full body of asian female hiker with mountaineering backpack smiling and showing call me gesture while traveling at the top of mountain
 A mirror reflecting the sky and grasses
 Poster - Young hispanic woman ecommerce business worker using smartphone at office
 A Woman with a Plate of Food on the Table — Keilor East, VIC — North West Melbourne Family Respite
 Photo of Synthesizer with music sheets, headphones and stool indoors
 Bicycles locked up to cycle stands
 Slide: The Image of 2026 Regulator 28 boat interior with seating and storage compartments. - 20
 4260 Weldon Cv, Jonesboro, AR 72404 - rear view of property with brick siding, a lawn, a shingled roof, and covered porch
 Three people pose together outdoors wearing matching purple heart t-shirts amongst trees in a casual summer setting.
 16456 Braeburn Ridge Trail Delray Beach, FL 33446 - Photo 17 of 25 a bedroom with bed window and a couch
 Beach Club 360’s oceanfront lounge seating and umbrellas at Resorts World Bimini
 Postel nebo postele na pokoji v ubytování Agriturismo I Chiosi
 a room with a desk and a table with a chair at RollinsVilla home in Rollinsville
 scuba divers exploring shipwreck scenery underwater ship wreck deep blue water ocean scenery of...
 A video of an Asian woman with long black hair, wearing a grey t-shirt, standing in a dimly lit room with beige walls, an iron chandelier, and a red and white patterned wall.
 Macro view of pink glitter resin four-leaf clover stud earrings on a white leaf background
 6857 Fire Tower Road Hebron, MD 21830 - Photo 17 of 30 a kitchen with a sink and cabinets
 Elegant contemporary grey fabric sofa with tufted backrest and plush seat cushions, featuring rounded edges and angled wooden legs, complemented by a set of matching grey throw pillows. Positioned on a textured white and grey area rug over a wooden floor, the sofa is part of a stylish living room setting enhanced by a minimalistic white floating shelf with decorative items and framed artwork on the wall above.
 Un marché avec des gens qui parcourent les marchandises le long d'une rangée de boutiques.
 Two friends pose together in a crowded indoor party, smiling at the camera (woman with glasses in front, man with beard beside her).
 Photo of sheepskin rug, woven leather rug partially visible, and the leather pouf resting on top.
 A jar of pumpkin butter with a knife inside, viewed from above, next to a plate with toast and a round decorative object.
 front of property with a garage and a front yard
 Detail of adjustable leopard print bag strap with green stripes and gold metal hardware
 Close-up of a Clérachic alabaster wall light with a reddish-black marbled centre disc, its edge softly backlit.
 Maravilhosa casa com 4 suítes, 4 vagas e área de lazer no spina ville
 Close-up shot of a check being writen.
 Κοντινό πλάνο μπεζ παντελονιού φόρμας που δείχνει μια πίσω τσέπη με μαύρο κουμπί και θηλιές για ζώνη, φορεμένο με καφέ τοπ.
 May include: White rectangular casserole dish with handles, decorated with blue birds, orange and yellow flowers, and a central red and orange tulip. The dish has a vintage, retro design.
-----
● What you should do:
Your reply is to repeat, unchanged, the lines above running from the one with "A Woman with" up to and including the one with "a room with".

● Your response:
 A Woman with a Plate of Food on the Table — Keilor East, VIC — North West Melbourne Family Respite
 Photo of Synthesizer with music sheets, headphones and stool indoors
 Bicycles locked up to cycle stands
 Slide: The Image of 2026 Regulator 28 boat interior with seating and storage compartments. - 20
 4260 Weldon Cv, Jonesboro, AR 72404 - rear view of property with brick siding, a lawn, a shingled roof, and covered porch
 Three people pose together outdoors wearing matching purple heart t-shirts amongst trees in a casual summer setting.
 16456 Braeburn Ridge Trail Delray Beach, FL 33446 - Photo 17 of 25 a bedroom with bed window and a couch
 Beach Club 360’s oceanfront lounge seating and umbrellas at Resorts World Bimini
 Postel nebo postele na pokoji v ubytování Agriturismo I Chiosi
 a room with a desk and a table with a chair at RollinsVilla home in Rollinsville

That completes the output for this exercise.